R/seqCluster.R

Defines functions seqCluster

Documented in seqCluster

#' Program for sequentially clustering, removing cluster, and starting again.
#'
#' Given a data matrix, this function will call clustering
#' routines, and sequentially remove best clusters, and iterate to find
#' clusters.
#'
#' @param x \code{p x n} data matrix on which to run the clustering (samples in
#'   columns).
#' @param diss \code{n x n} data matrix of dissimilarities between the samples
#'   on which to run the clustering
#' @param k0 the value of K at the first iteration of sequential algorithm, see
#'   details below or vignette.
#' @param subsample logical as to whether to subsample via 
#'   \code{\link{subsampleClustering}} to get the distance matrix at each 
#'   iteration; otherwise the distance matrix is set by arguments to
#'   \code{\link{mainClustering}}.
#' @param beta value between 0 and 1 to decide how stable clustership membership
#'   has to be before 'finding' and removing the cluster.
#' @param top.can only the top.can clusters from \code{\link{mainClustering}} (ranked
#'   by 'orderBy' argument given to \code{\link{mainClustering}}) will be compared
#'   pairwise for stability.

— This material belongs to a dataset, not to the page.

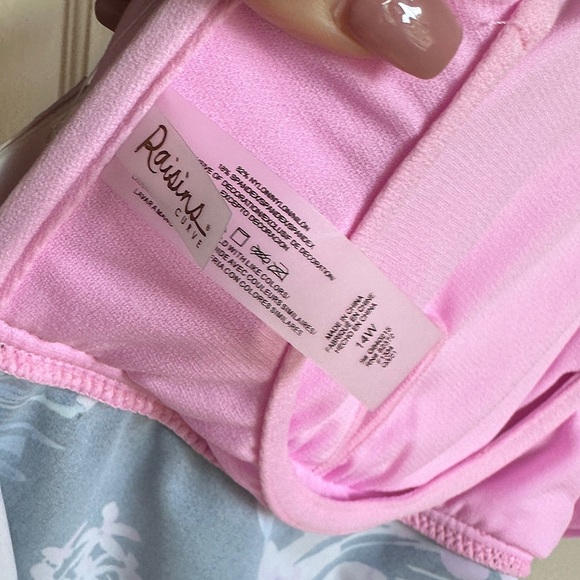 Raisins Curve Women's Plus Rosalie Poolside Underwire Tankini Swimsuit Top 14W - Picture 7 of 17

Making this very big will effectively remove this
#'   parameter and all pairwise comparisons of all clusters found will be
#'   considered. This might result in smaller clusters being found. The current
#'   default is fairly large, so probably will have little effect.
#' @param remain.n when only this number of samples are left (i.e. not yet
#'   clustered) then algorithm will stop.

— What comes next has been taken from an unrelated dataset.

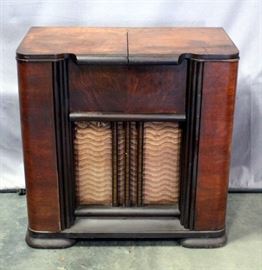 Bendix Radio Model 847B Serial #17802 And Turntable In Antique Wood Cabinet, 33.5"W x 32.5"H x 18"D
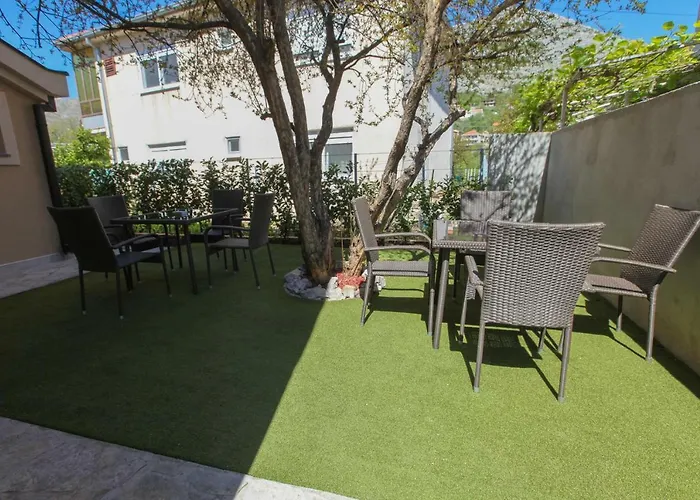 شقة Luxury Tasa تريبينيي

#' @param k.min each iteration of sequential detection of clustering will
#'   decrease the beginning K of subsampling, but not lower than k.min. 

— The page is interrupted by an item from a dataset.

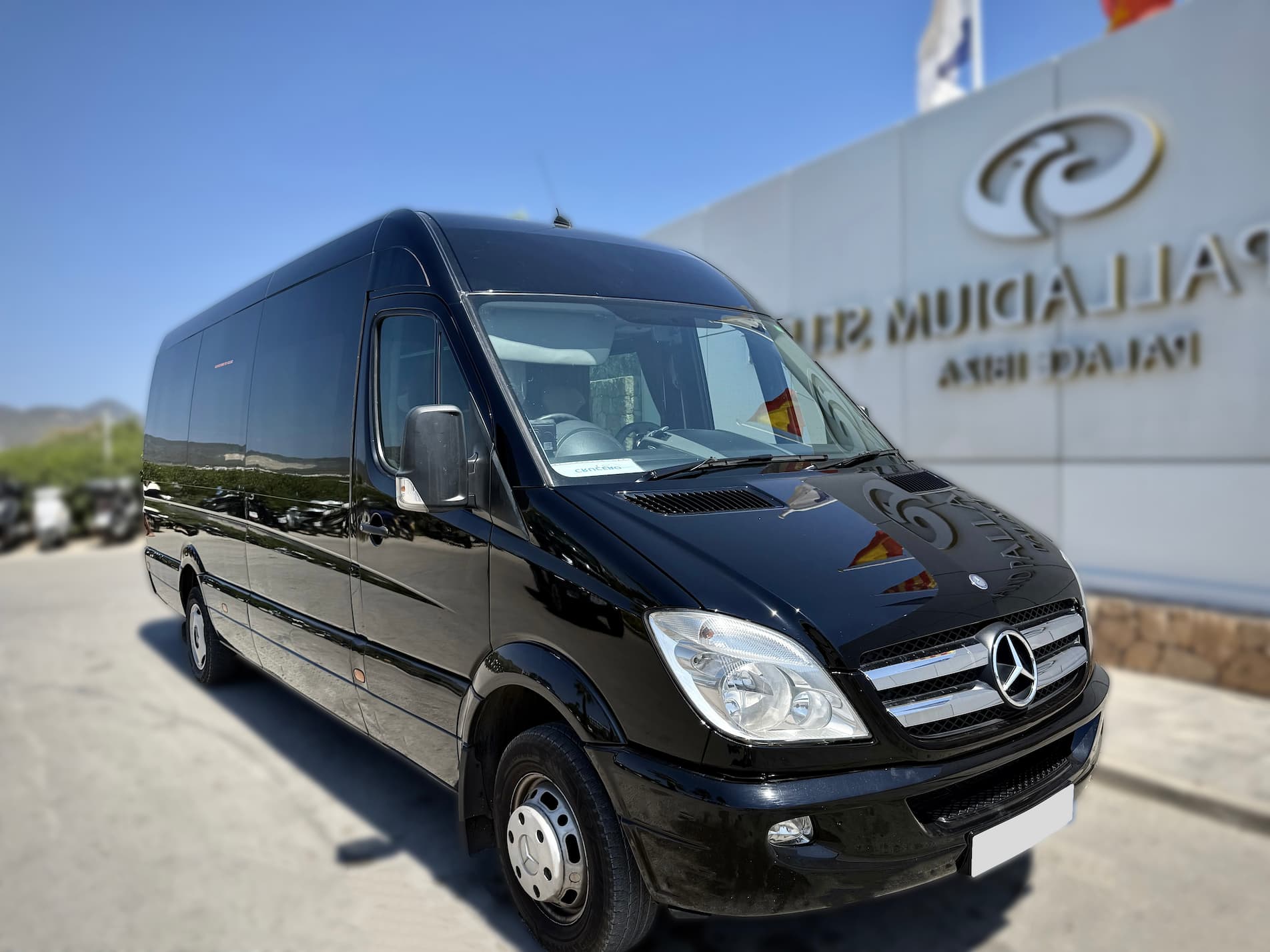 Port Transfer Ibiza service for cruise passengers, families and ferry travellers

#' @param k.max algorithm will stop if K in iteration is increased beyond this
#'   point.
#' @param verbose whether the algorithm should print out information as to its
#'   progress.
#' @param subsampleArgs list of arguments to be passed to
#'   \code{\link{subsampleClustering}}.
#' @param mainClusterArgs list of arguments to be passed to
#'   \code{\link{mainClustering}}).
#' @inheritParams clusterSingle
#' @details \code{seqCluster} is not meant to be called by the user. It is only
#'   an exported function so as to be able to clearly document the arguments for
#'   \code{seqCluster} which can be passed via the argument \code{seqArgs} in
#'   functions like \code{\link{clusterSingle}} and \code{\link{clusterMany}}.
#' @details This code is adapted from the sequential protion of the code of the
#'   tightClust package of Tseng and Wong. At each iteration of the algorithm it
#'   finds a set of samples that constitute a homogeneous cluster and remove
#'   them, and iterate again to find the next set of samples that form a
#'   cluster.
#' @details In each iteration, to determine the next set of homogeneous set of
#'   samples, the algorithm will iteratively cluster the current set of samples
#'   for a series of increasing values of the parameter $K$, starting at a value
#'   \code{kinit} and increasing by 1 at each iteration, until a sufficiently
#'   homogeneous set of clusters is found. For the first set of homogeneous
#'   samples, \code{kinit} is set to the argument $k0$, and for iteration,
#'   \code{kinit} is increased internally.
#' @details Depending on the value of \code{subsample} how the value of $K$ is
#'   used differs. If \code{subsample=TRUE}, $K$ is the \code{k} sent to the
#'   cluster function \code{clusterFunction} sent to 
#'   \code{\link{subsampleClustering}} via \code{subsampleArgs}; then
#'   \code{\link{mainClustering}} is run on the result of the co-occurance matrix from
#'   \code{\link{subsampleClustering}} with the \code{ClusterFunction} object
#'   defined in the argument \code{clusterFunction} set via \code{mainClusterArgs}.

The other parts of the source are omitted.